In 2006, analogue terrestrial TV was the primary TV service in 52mn TV homes across Western Europe, making it the leading platform, according to the report. In 2007 however, cable overtook it with 51mn homes by the end of the year. Cable TV was subsequently overtaken itself by digital terrestrial TV in 2009 with 51.9mn homes - giving it a 31% penetration of the region's TV homes.
Cable is still "comfortably" the biggest pay-TV platform in Western Europe, according to the report, but its dominance is believed to be on the wane: in 2000 cable TV accounted for 77% of pay-TV subscribers, but by the end of 2009 this had fallen to 54%, and is forecast to fall further to 43% by the end of 2015.
DTH was the big beneficiary initially of this fall in cable TV's share, taking 23% of pay-TV subscribers in 2000, rising to 28% in 2009, but forecast to slip to 27% by 2015. Pay DTH growth beyond 2009 is predicted to be limited by the rise of IPTV, which accounted for 9% of pay-TV homes in 2009, but is forecast to double this share to 18% by the end of 2015 - potentially challenging DTH for second place shortly after the forecast period, according to Informa Telecoms & Media.
Traditional pay-TV services are described as coming under pressure from several directions: free and low-cost options are forcing premium pay-TV services to justify their subscription prices, leading to an increasing reliance on technology innovations such as HDTV, VOD, DVRs and 3DTV to "prove" their added value. The economic downturn is also believed to have presented a further challenge for pay-TV, as it bids for diminishing consumer spending power against a range of alternative entertainment options.

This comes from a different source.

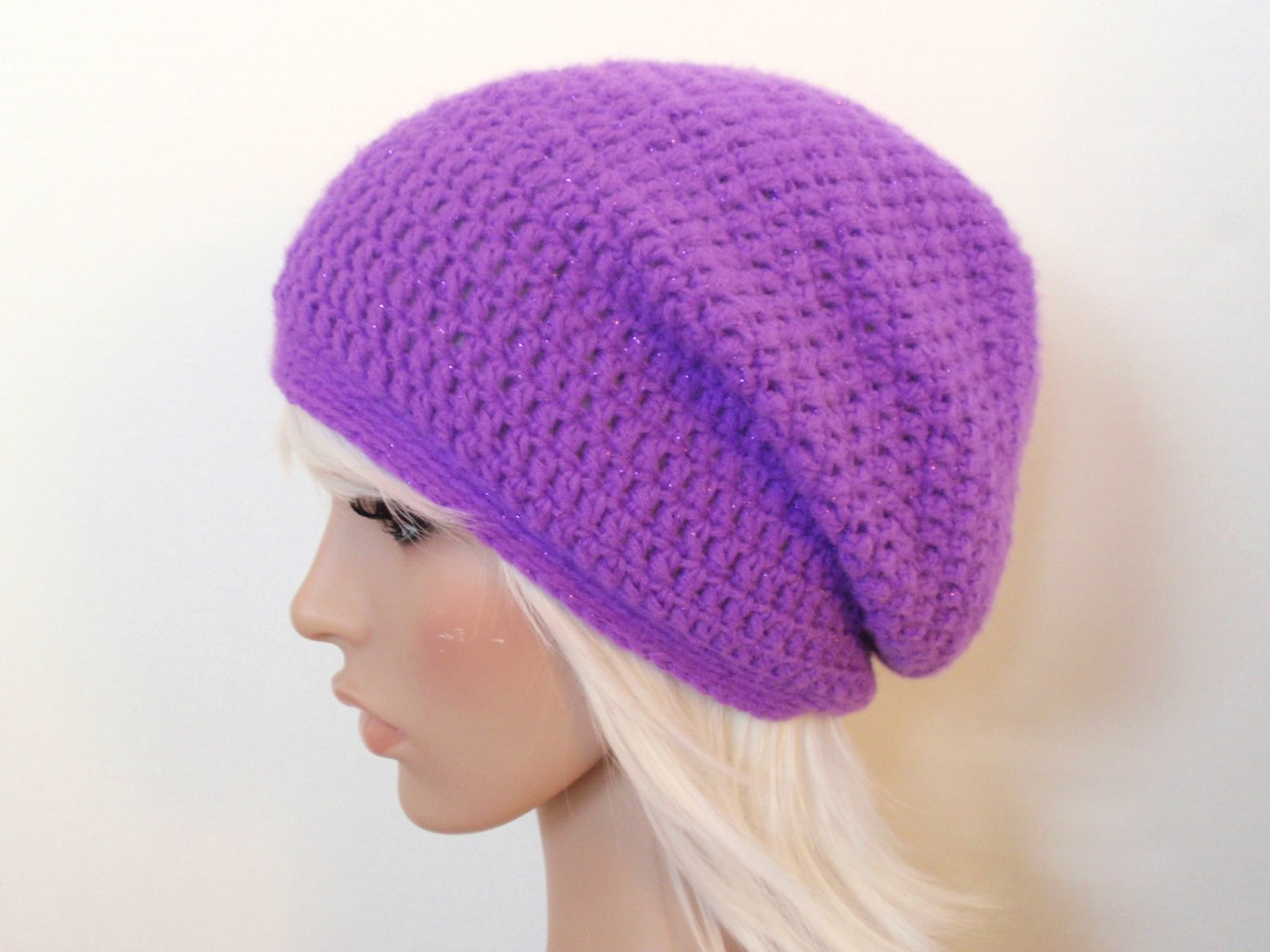 Slouchy beanie pattern in Women&apos;s Hats - Compare Prices, Read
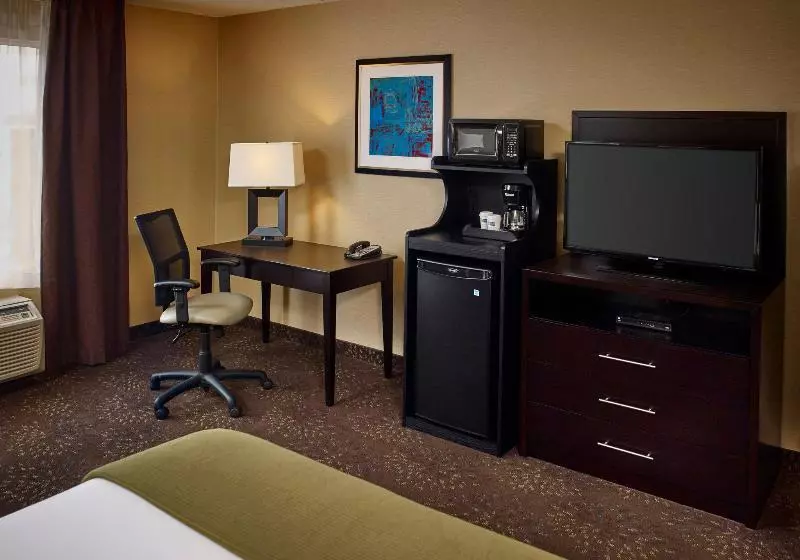 Standard-invahuone King-vuode, Holiday Inn Express And Suites Timmins, An Ihg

There is believed to be little evidence still that over-the-top (OTT) TV services are taking significant numbers away from pay-TV, but as OTT improves its offering, pay-TV operators are believed to be "sensibly" adapting to changing consumer tastes with new initiatives such as multi-screen strategies.
Most countries in Western Europe are believed to be making good progress in their analogue-to-digital conversion: digital DTT is predicted to be the primary TV services in 37% of TV households by the end of 2015, while digital cable and DTH will take 21% and 17% respectively. IPTV is expected to be the primary TV service in 11% of the region's TV households by the end of 2015, while free-to-air digital satellite will take 9%.
Western Europe digital TV households numbers are expected to record 42% growth between 2009 and 2015, having passed the 100mn subscribers milestone in 2008, and is expected to pass 150mn sometime in 2012. Pay-TV revenues are expected to exceed US$ 30bn in 2010, but growth thereafter will be limited, according to the report, as the value of pay-TV is affected by an increasing reliance on multi-play bundles.